So you need something that forces us into the
17th century and into the Dutch Golden Age.
So Rembrandt clearly not popular enough.
Which is surprising to me and certainly,
I mean, this audience here, anyway.
So Rembrandt is not in the title of the book.
But because we had this title, we have
written Rembrandt all throughout the book.
So if you go through the book, in multiple chapters,
we find Rembrandt — at his bankruptcy.
We find him at Latin school.
And of course, we talk about education there.
We find him in the world of prints and we
find him in the worlds of business publishing
and relating here predominately to his debts.
And, of course, if we go to
many Rembrandt paintings,
we do find a large number of items there.
The books of Rembrandt
Having said that, we also use Rembrandt
as a little bit of a departure.
Because I think, at least relative
to his peers in this period,
I don’t think Rembrandt was all too interested
in books, especially later in his career.
And I think if you compare
it to some other artists,
I would say that books are almost conspicuously
absent from the entire oeuvre that he produced.
But if books are present in his paintings,
then they tend to be exactly the books
which have always attracted
most attention from scholars.
And those are substantial,
massive, and magnificent books.
Books like these.
Like the wonderful 1112 Volume Blaeu Atlas.
Truly one of the most significant
publishing projects of this period.
It’s the largest atlas to
be produced in this era.
Now, these are the books that have
often stood at the centre of attention
to what the Dutch could produce in this period.

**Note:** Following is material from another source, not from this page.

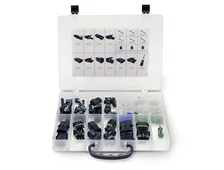 Ignition Weather Pack connector kit 209 pcs. Contains 1,2,3,4, and 6 pole Receptacles; Pins and Seals for 24-10 AWG wire; and a weather pack terminal release tool image 2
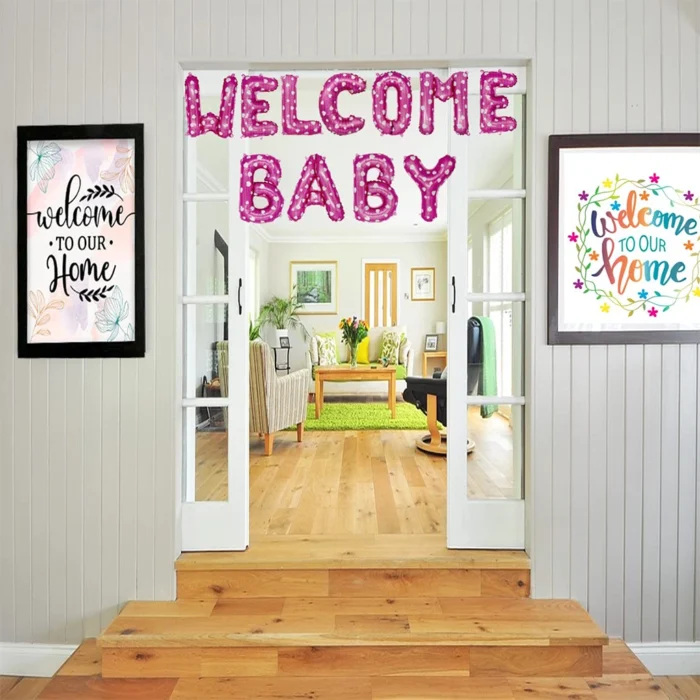 Party Decoration – Welcome Baby Foil Balloon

But a book like this would cost the
equivalent of an annual salary for all
but the most affluent citizens
in the 17th century.
And really what fuelled the book trade in
this period was a steady and recurring trade
in the sort of books that might be careful
and considered purchases of an artisan
or a bourgeois household, which
would buy three or five books a year.
And these were books they bought for use.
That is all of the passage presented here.